When you want to run a cell, you can either click the "play" button next to the cell or press "shift+enter".

#### Getting started

Let's get started by running some Python code. When we work with Python, we almost always rely on _libraries_ - collections of code that provide functionality beyond what is available in the core Python language. In this lab, we're going to be using two libraries: NumPy and scikit-learn.

**>> Run the code in the next cell** to import scikit-learn and NumPy.

In [None]:
import sklearn
import numpy as np

### NumPy Basics

Great. Let's move on to our next topic: getting a handle on NumPy basics. You can think of NumPy as a library that provides support for large, multi-dimensional arrays and matrices, along with a collection of mathematical functions to operate on these arrays.

While Python supports many of the same operations as NumPy, NumPy is much more efficient and is optimized for numerical operations.

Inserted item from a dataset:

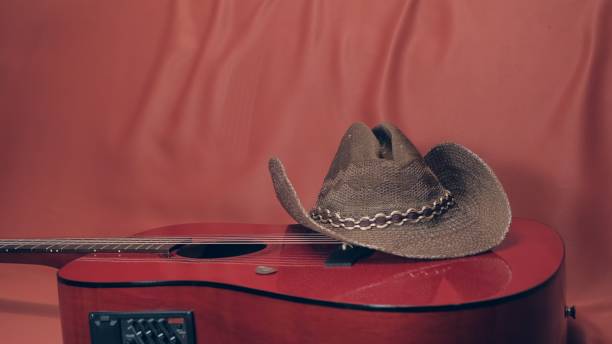istock Red acoustic guitar with a cowboy hat on it 1295860604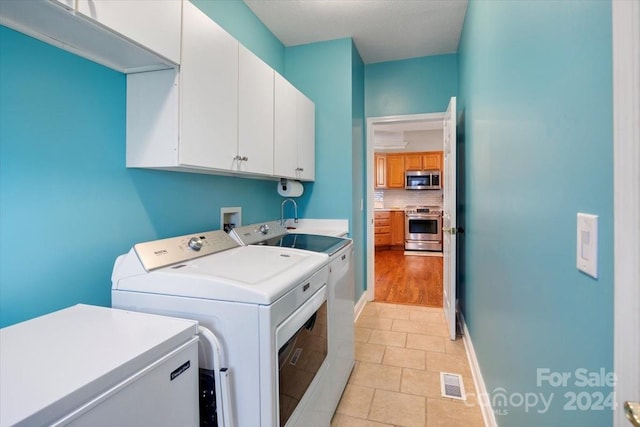 laundry room with cabinets, light tile patterned floors, and washing machine and clothes dryer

Let's create a 2x4 array containing the numbers 1 through 8 and conduct some basic operations on it.  
**>> Run the code in the next cell to create and print the array.***

In [None]:
# Create a variable called "array" and fill it with a 2x4 NumPy array
array = np.arange(8).reshape(2,4)
array

We can access the shape, number of dimensions, data type, and number of elements in our array as follows:  
*(Tip: use "print()" when you want a cell to output more than one thing, or you want to append text to your output, otherwise the cell will output the last object you call, as in the cell above)*

In [None]:
print ("Shape:", array.shape)
print ("Dimensions:", array.ndim)
print ("Data type:" , array.dtype.name)
print ("Number of elements:", array.size)

If we have a Python list containing a set of numbers, we can use it to create an array:  
*(Tip: if you click on a function call, such as array(), and press "shift+tab" the Notebook will provide you all the details of the function)*

In [None]:
mylist = [0, 1, 1, 2, 3, 5, 8, 13, 21]
myarray = np.array(mylist)
myarray

And we can do it for nested lists as well, creating multidimensional NumPy arrays:

In [None]:
my2dlist = [[1,2,3],[4,5,6]]
my2darray = np.array(my2dlist)
my2darray

We can also index and slice NumPy arrays like we would do with a Python list or another container object as follows:

In [None]:
array = np.arange(10)
print ("Originally: ", array)
print ("First four elements: ", array[:4])
print ("After the first four elements: ", array[4:])
print ("The last element: ", array[-1])

And we can index/slice multidimensional arrays, too.

In [None]:
array = np.array([[1,2,3],[4,5,6]])
print ("Originally: ", array)
print ("First row only: ", array[0])
print ("First column only: ", array[:,0])

#### Sneak preview

Often, when designing a machine learning classifier, it can be useful to compare an array of predictions (0 or 1 values) to another array of true values. We can do this pretty easily in NumPy to compute the *accuracy* (e.g., the number of values that are the same), for example, as follows:

In [None]:
true_values = [0, 0, 1, 1, 1, 1, 1, 0, 1, 0]
predictions = [0, 0, 0, 1, 1, 1, 0, 1, 1, 0]

true_values_array = np.array(true_values)
predictions_array = np.array(predictions)

accuracy = np.sum(true_values_array == predictions_array) / true_values_array.size
print ("Accuracy: ", accuracy * 100, "%")

In the previous cell, we took two Python lists, converted them to NumPy arrays, and then used a combination of np.sum() and .size to compute the accuracy (proportion of elements that are pairwise equal). A tiny bit more advanced, but demonstrates the power of NumPy arrays.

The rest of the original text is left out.